**Work instruction:**
Go over the listing below line by line, and return each one holding the string "outdoor".

**Information shown:**
◆ ◆ ◆ ◆

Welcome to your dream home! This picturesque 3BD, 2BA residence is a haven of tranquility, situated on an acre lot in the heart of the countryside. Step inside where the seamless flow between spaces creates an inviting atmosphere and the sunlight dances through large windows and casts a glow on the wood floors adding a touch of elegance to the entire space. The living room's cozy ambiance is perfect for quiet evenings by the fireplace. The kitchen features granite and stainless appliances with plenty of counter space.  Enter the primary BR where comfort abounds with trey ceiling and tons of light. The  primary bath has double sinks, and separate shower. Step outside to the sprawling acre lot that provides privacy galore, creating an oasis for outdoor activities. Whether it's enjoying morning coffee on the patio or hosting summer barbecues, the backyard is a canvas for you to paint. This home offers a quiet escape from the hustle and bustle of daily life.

◆ ◆ ◆ ◆

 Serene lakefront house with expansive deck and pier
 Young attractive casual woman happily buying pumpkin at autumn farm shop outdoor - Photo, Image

◆ ◆ ◆ ◆

**The completed task:**
Welcome to your dream home! This picturesque 3BD, 2BA residence is a haven of tranquility, situated on an acre lot in the heart of the countryside. Step inside where the seamless flow between spaces creates an inviting atmosphere and the sunlight dances through large windows and casts a glow on the wood floors adding a touch of elegance to the entire space. The living room's cozy ambiance is perfect for quiet evenings by the fireplace. The kitchen features granite and stainless appliances with plenty of counter space.  Enter the primary BR where comfort abounds with trey ceiling and tons of light. The  primary bath has double sinks, and separate shower. Step outside to the sprawling acre lot that provides privacy galore, creating an oasis for outdoor activities. Whether it's enjoying morning coffee on the patio or hosting summer barbecues, the backyard is a canvas for you to paint. This home offers a quiet escape from the hustle and bustle of daily life.
 Young attractive casual woman happily buying pumpkin at autumn farm shop outdoor - Photo, Image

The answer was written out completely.